The problem - Every line from the one with "Nový RD 5+kk/G na pozemku 1096m2 Citoliby" through the last line below should be repeated exactly; pictures stay out of the copy.

Provided entries -

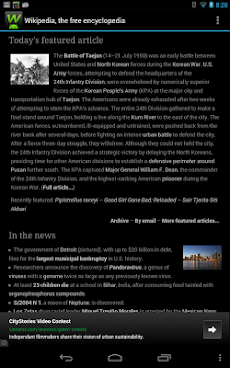 GWiki - Wikipedia for Androidのおすすめ画像3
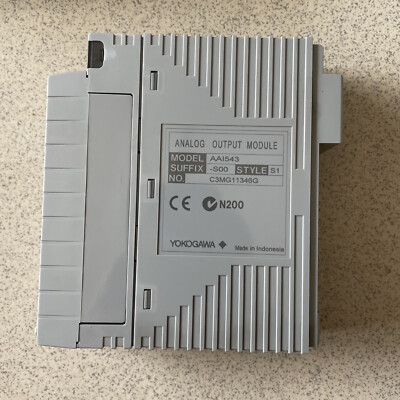 1PC USED Yokogawa PLC module AAI543-S00 AAI543-S00 Tested Good condition#XR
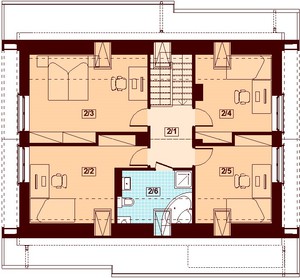 Nový RD 5+kk/G na pozemku 1096m2 Citoliby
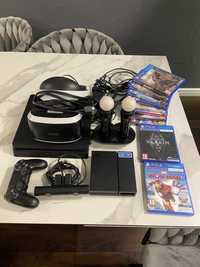 Play Station 4 pro VR move kamera gry ps4 ps 4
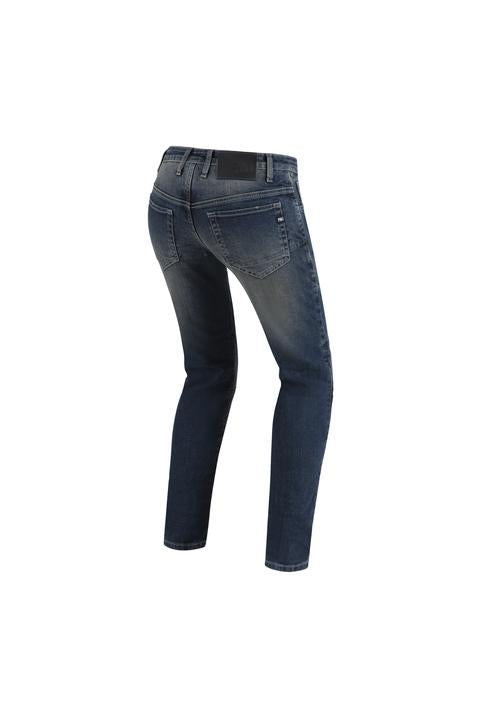 PMJ Florida Twaron Armoured Women's Jeans - Mid-Blue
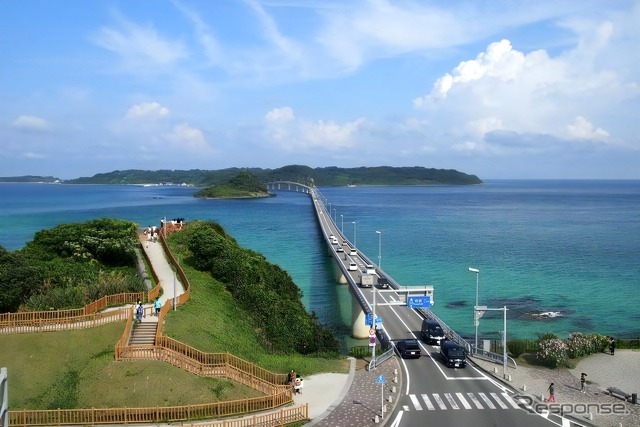 角島（山口県下関市）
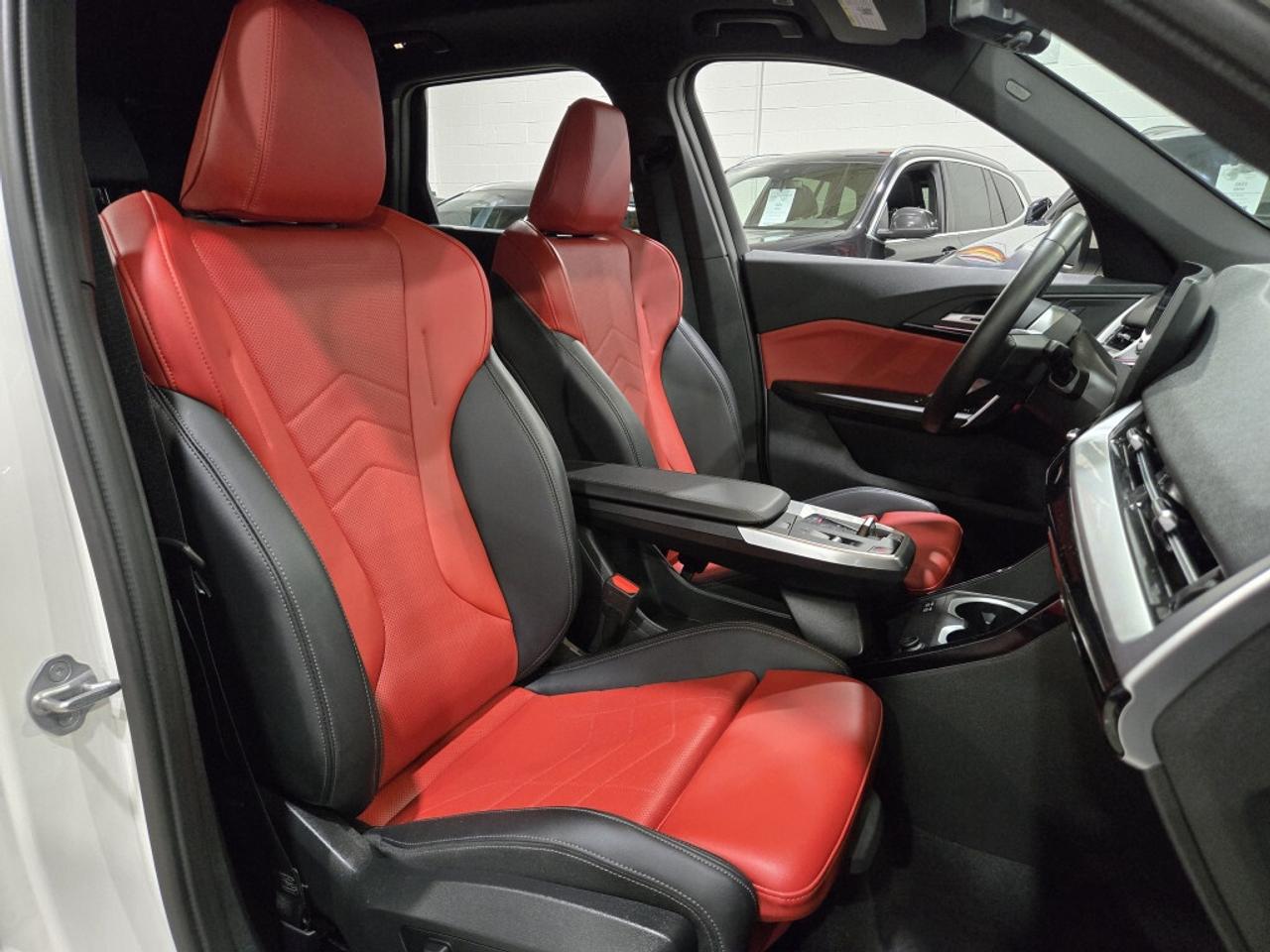 2024 BMW X1 xDrive28i AWD Sports Activity Vehicle RED LEATHER Photo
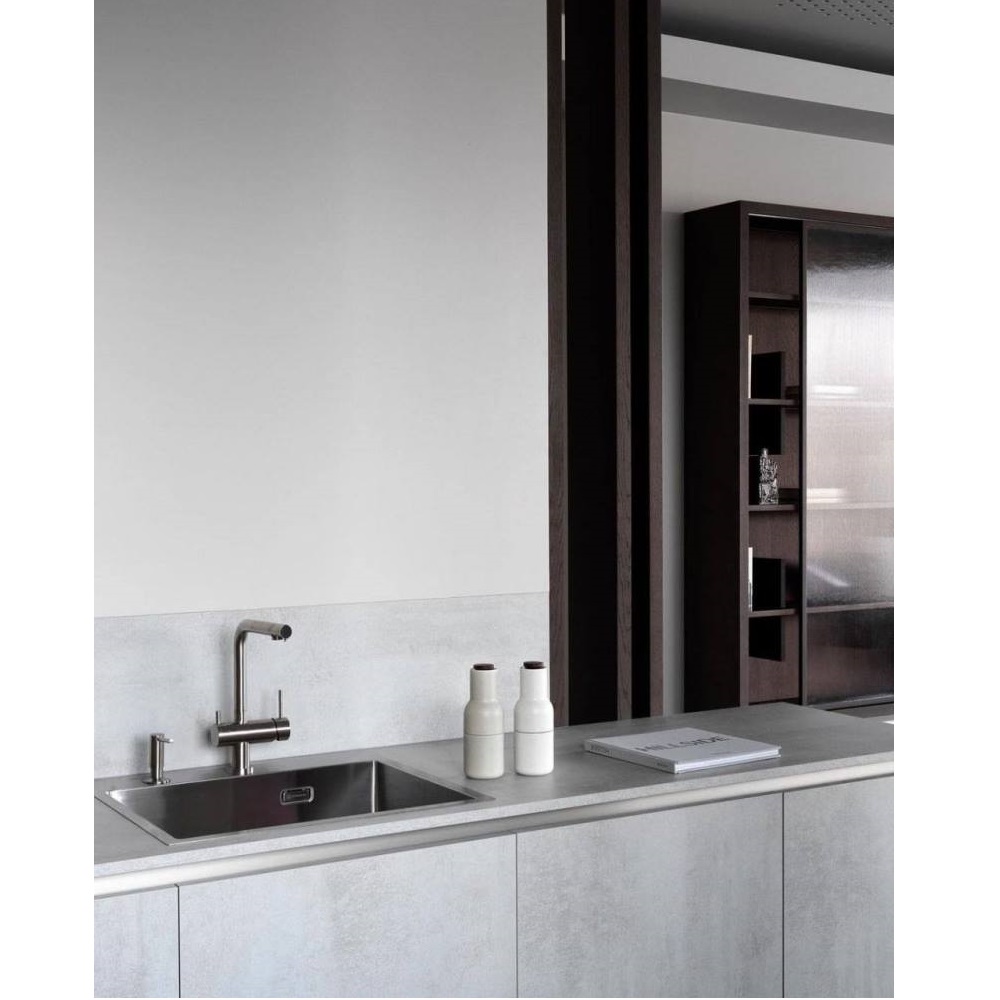 Дозатор встраиваемый Omoikiri OM-02 Сталь 4995008 — изображение 2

Your response -
 Nový RD 5+kk/G na pozemku 1096m2 Citoliby
 Play Station 4 pro VR move kamera gry ps4 ps 4
 PMJ Florida Twaron Armoured Women's Jeans - Mid-Blue
 角島（山口県下関市）
 2024 BMW X1 xDrive28i AWD Sports Activity Vehicle RED LEATHER Photo
 Дозатор встраиваемый Omoikiri OM-02 Сталь 4995008 — изображение 2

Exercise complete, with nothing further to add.